Il arpente les rues El Greco et Leonard de Vinci, artères d’une ville sans Histoire – et qui n’en aura jamais –, dresse l’inventaire des trois uniques types de bâtiments érigés (les tours, les barres et les lotissements en « U ») et parcourt le parc de la ville, désert lui aussi, avec son plan d’eau (baptisé « le lac », par les promoteurs immobiliers) et son imitation d’arc de triomphe, aux allures tellement classiques qu’il frôle la parodie. « On a compté sur le désenchantement, la distraction ou l’indifférence des usagers, leur naïveté peut-être. »

C’est un paysage d’après la catastrophe, un « angle mort » inquiétant, bref un objet théorique absolu, qui renvoie le visiteur à cet éternel balancement : « Bien qu’inachevé, ici, tout est fini et les parcelles qui attendent d’être comblées d’édifices n’attendent plus. »

Poiraudeau reprend l’expression de « ruines à l’envers », inventée par l’artiste américain Robert Smithson pour mieux évoquer le « désastre » devant lui, et tester une hypothèse presque émouvante : les immeubles déserts et pharaoniques seraient « les négatifs du Machu Picchu, de Pompéi ou du sanctuaire de Delphes ».

« L’antiquité d’El Quiñon à laquelle on accède ici n’a pas plus de quelques années.
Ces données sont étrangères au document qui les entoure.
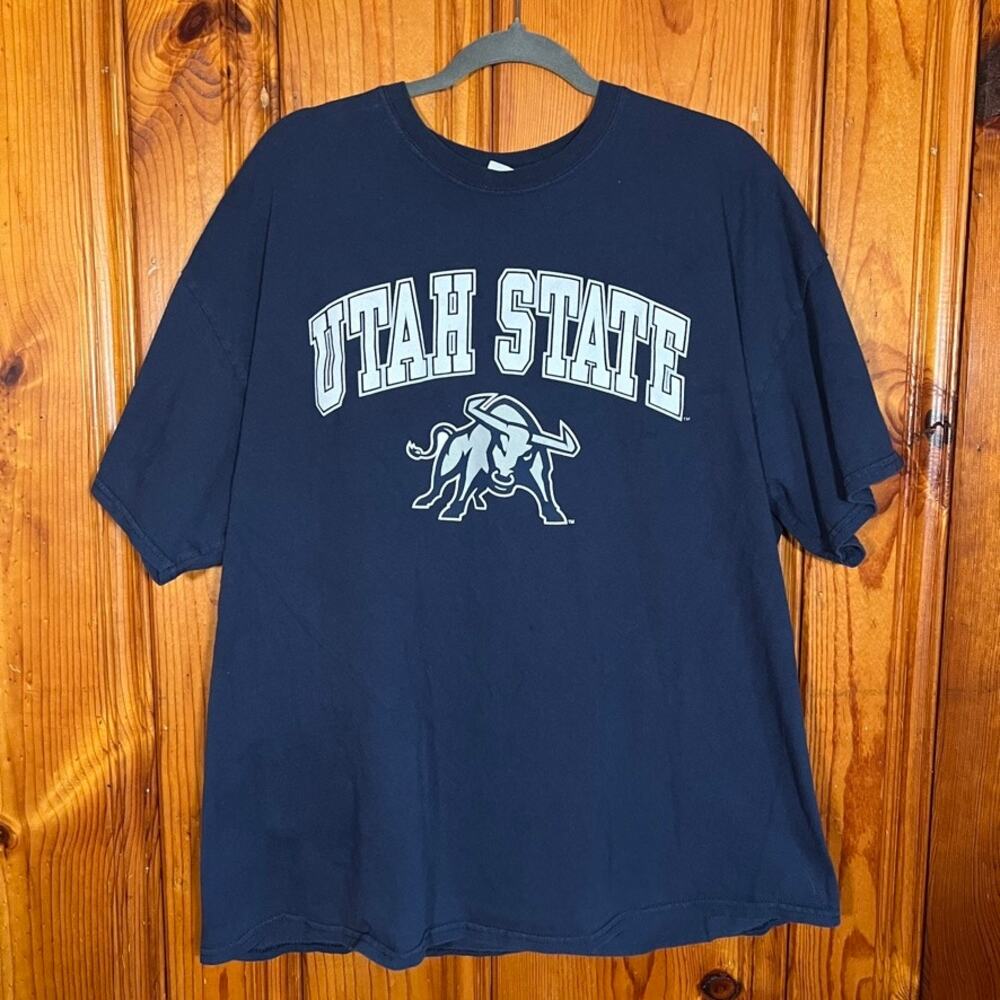 New Agenda 2XL Y2K Utah State T-Shirt Navy Regular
Son épaisseur est celle des millénaires à venir, irrémédiablement empêchés, composant le futur que la ville s’était promis, et qu’elle n’a fait que vernir d’un passé factice. »

Au détour d’un autre chapitre, l’auteur rappelle que ces terres servirent de champ de bataille, en octobre 1936, entre nationalistes et républicains, dans la foulée de la bataille de Tolède (belle idée, tant la crise espagnole d’aujourd’hui tire ses racines de traumas mémoriels compliqués et d’une transition post-franquiste douloureuse).

De manière plus attendue, il reconstitue la vie rocambolesque du « pocero », l’homme mégalo qui donne son nom au titre du livre.

Héros en puissance d’un roman d’apprentissage encore à écrire, Francisco Hernando est un promoteur immobilier ayant commencé comme égoutier (« pocero ») sous le franquisme, devenu l’un des hommes les plus riches d’Espagne. Il imagina, au début des années 2000, le projet d’El Quiñon comme l’aboutissement de sa vie.

« Puisqu’il est à la fois roi et bâtisseur, il est temps pour lui de bâtir une ville, qui sera un étendard à sa gloire, portera son nom et sera trop importante pour que puissent l’évacuer les déglutitions de l’Histoire. » En 2009, sentant le vent tourner, « Paco le pocero » quitte le navire et rejoint dans un cynisme absolu d’autres marchés plus juteux – direction la Guinée Équatoriale…

Projet El Pocero. Dans une ville fantôme de la crise espagnole, Anthony Poiraudeau. Éditions Inculte. 13,90 euros.